GRAMPLUS is a project funded by ERC Advanced Fellowship 249520, Principal Investigator Mark Steedman
This site is a intended as a collection of research that is being undertaken under GRAMPLUS
From the late '50s until the early '70s, theoretical linguistics, computational linguistics, and psycholinguistics, were united by a common model based on Chomskian transformational generative grammar formalism. This consensus fell apart in the later 70s, because of disagreements about the role of semantics. Formal syntax has abandoned semantics and any interest in formal constraint. Semantically based functional and cognitive theories of grammar are agnostic about formalism.
Current psycholinguistic theories mainly ignore formal linguistic theory, while in computational linguistics, the dominant models are generally low-level finite-state or context-free systems that are known to be incomplete with respect to the full range of of human language. While the latter methods, aided by machine-learning, have made considerable progress in practical applications such as automatic speech recognition, machine translation, and parsing, they place inherent limits on performance that are already yielding near-asymptotic performance in some applications.

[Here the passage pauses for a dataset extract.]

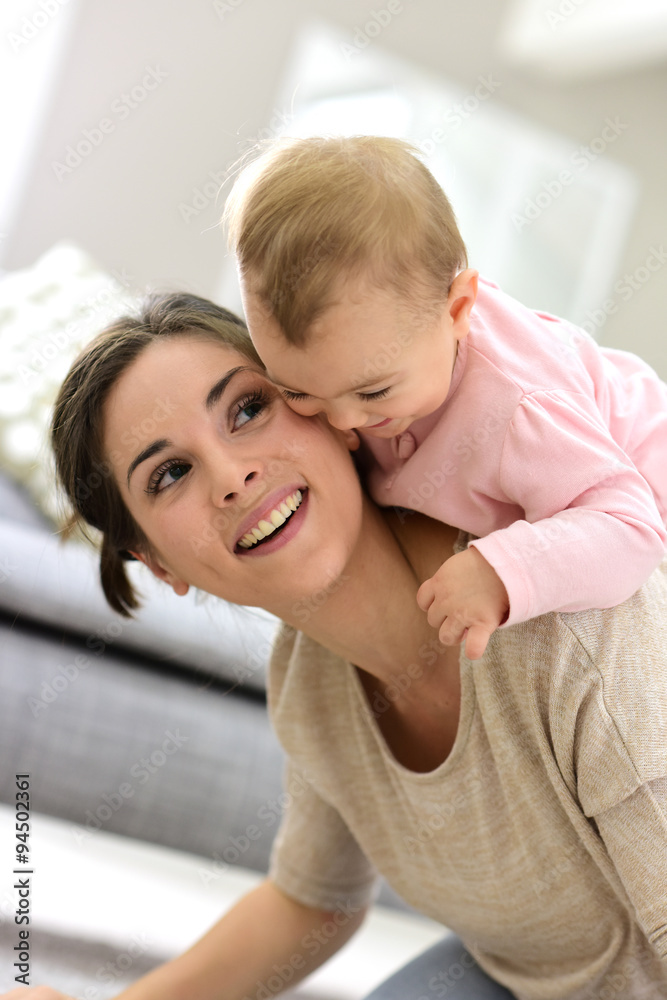 Fototapeta premium Baby girl laughing on her mom's back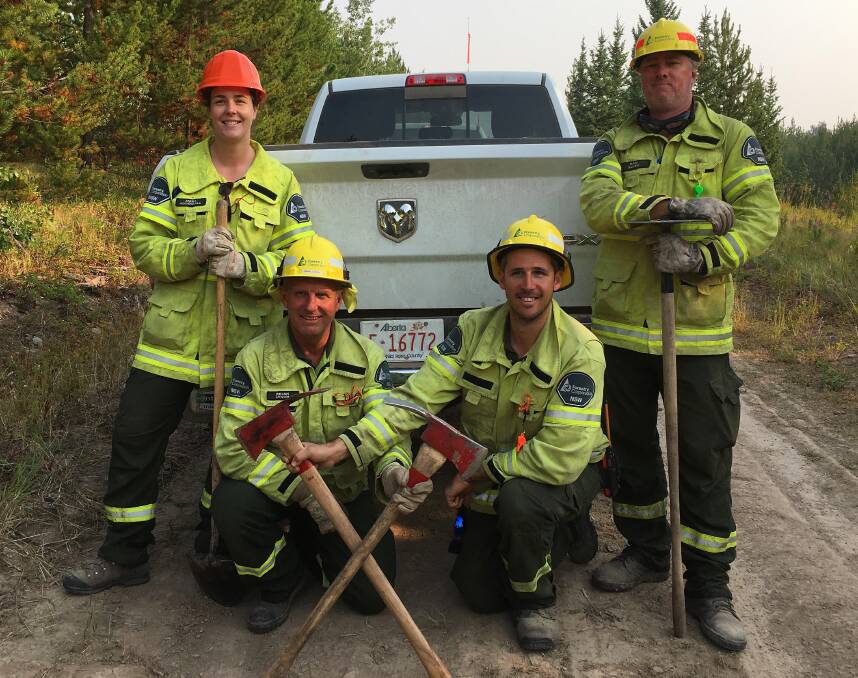 Not lumberjacks but they're OK: Forestry Corporation’s Amba Addinsall, Brian Lynch, Matt Hagon and Dan Allen on deployment in Canada.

The aim of the proposal is to restore grammatical theory to its necessary place in the theory of human language behaviour, by providing a more restricted theory of constructions than others on offer. This formalism is both efficiently parsable, and expressive enough to support semantic interpretation.
The project seeks both to establish the explanatory adequacy of the theory in linguistic terms, and to generalize existing treebank-based computational models derived by supervised learning methods. It uses unsupervised and semi-supervised methods based on unlabeled data.
A crucial component will be a fully articulated Natural Semantics closely related to the surface grammar, supporting entailment directly.